Conventionally, any suggestion HBs should be engaged as they present is dangerous. Instead, the RAA must apply the lesson of orchestration and mass – which manifests in training the ‘silent’ CF plan. A silent CF plan is highly effective when HB are engaged collectively just prior to an attack,[20] thus orchestrated with manoeuvre. To unmask guns to destroy HB per an ‘active’ CF plan exposes limited fires assets to destruction. Rather, neutralisation of HB with mass and orchestration must be the aim. Indeed, data from 1918 found destruction required a 10:1 ratio,[21] which without the disproportionate effect offered by modern but sparing area-effect weapons (like rocket artillery [22]) Army will unlikely have. There are of course supporters for the alternative, active plan, but as the Ukrainians discovered, unmasking leads to rapid CF.[23] In contrast, the silent plan accepts a level of hostile fire to entice HB to move less frequently, all the while allowing ISR to ascertain locations in support of engagements when that time arrives.[24] While risk may be accepted by unmasking guns to prevent unacceptable attrition, generally protection of the guns is preferred until orchestration with manoeuvre can occur – ideally with superimposed and massed effects across domains. This orchestration undermines the enemy centre of gravity and contributes to decision superiority,[25] as previously described at Hamel.[26] Thus, the silent plan can be very effective, and gunners in conventional war – potentially outmatched by HB – will be required to employ mass and orchestration with discipline to see success realised.

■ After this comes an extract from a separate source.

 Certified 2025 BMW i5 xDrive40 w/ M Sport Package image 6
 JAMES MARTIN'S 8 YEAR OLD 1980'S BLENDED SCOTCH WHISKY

Persistent and layered ISR is also essential in achieving the silent plan, the latter being dependant on accurate information on HB locations – nowadays highly mobile. Army must be capable of coalescing information gleaned from a multitude of sources to ensure redundancy, and maintain near continuous surveillance. The gunners of the First World War employed redundancy and layering.[27] Today, gunners must harness multi-domain capabilities; such as UAVs, satellite imagery, electronic warfare, radar, and land based reconnaissance. Other measures could include drone swarm technology to overwhelm enemy air defence,[28] with utility in their low cost, ubiquity and endurance in maintaining observation of HBs; capable radars with certain points of origin, weapon calibre and type so as to build a comprehensive artillery intelligence picture; and ongoing training on obsolescent LCMR, to prepare the RAA for employment of future platforms (achieved to great effect between World Wars).[29] Personnel must also be trained to interrogate satellite imagery for signs of HBs, and in submitting accurate shelling reports for collation. Army also has opportunity to reintroduce the Brigade Artillery Intelligence Office, offering expertise in coalescing the above sources of information to support the CF plan.[30] The ISR necessary to support CF are immense, but Ukraine’s underdeveloped ISR capability is testament of the threat. The survivability of manoeuvre will thus depend on an omnipresent and layered ISR capability to support the silent CF plan.

Conclusion

This paper has emphasised the requirement for the silent CF plan, supported by mass, orchestration and pervasive ISR. These are the lessons the RAA must take from the First World War, found to be still relevant today as seen in the Russo-Ukrainian War. The RAA must apply these lessons to ensure that we escape from the paradigm of fires in an unconventional war, to the mass and coordination demanded in the conventional. In doing so RAA CF will continue to work towards achieving the demands of future ready.